GIVEN DATA:
^^^^^^^^
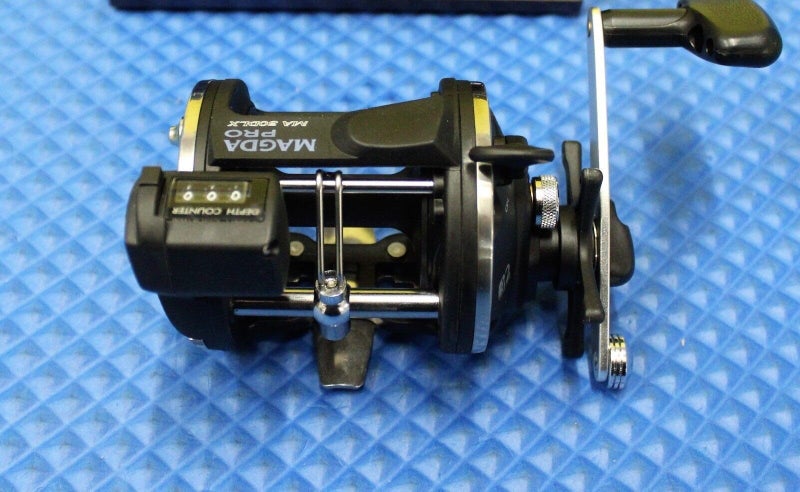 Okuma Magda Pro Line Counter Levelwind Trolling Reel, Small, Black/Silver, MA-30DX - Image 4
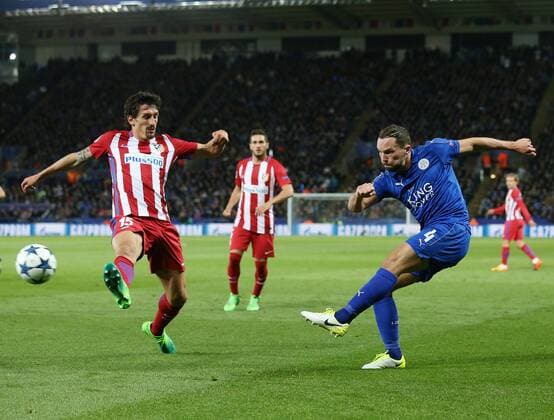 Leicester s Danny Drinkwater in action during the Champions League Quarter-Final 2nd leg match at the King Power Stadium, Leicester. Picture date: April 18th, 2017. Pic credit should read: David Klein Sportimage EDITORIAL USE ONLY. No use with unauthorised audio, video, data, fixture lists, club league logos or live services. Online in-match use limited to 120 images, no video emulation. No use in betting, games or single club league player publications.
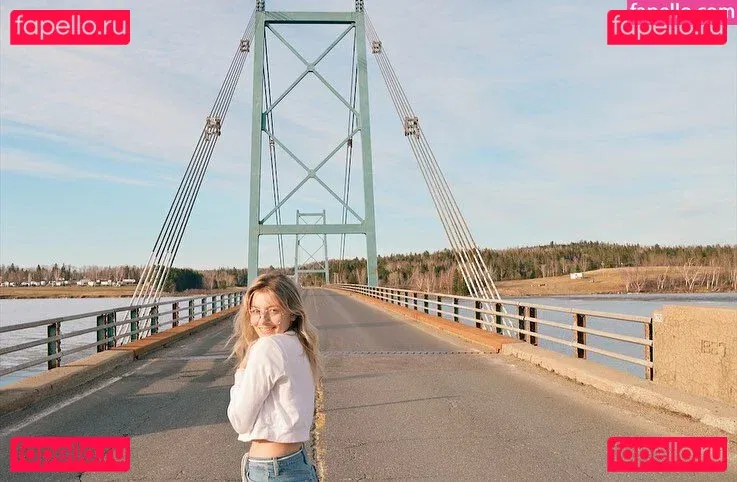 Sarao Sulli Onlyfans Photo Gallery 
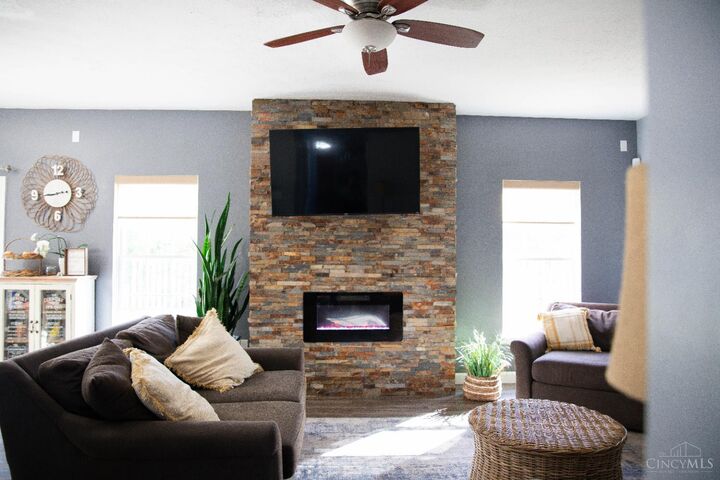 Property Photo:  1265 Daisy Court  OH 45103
^^^^^^^^
PROMPT:
Please output all the data exactly as given, with the pictures omitted.

REPLY:
 Okuma Magda Pro Line Counter Levelwind Trolling Reel, Small, Black/Silver, MA-30DX - Image 4
 Leicester s Danny Drinkwater in action during the Champions League Quarter-Final 2nd leg match at the King Power Stadium, Leicester. Picture date: April 18th, 2017. Pic credit should read: David Klein Sportimage EDITORIAL USE ONLY. No use with unauthorised audio, video, data, fixture lists, club league logos or live services. Online in-match use limited to 120 images, no video emulation. No use in betting, games or single club league player publications.
 Sarao Sulli Onlyfans Photo Gallery 
 Property Photo:  1265 Daisy Court  OH 45103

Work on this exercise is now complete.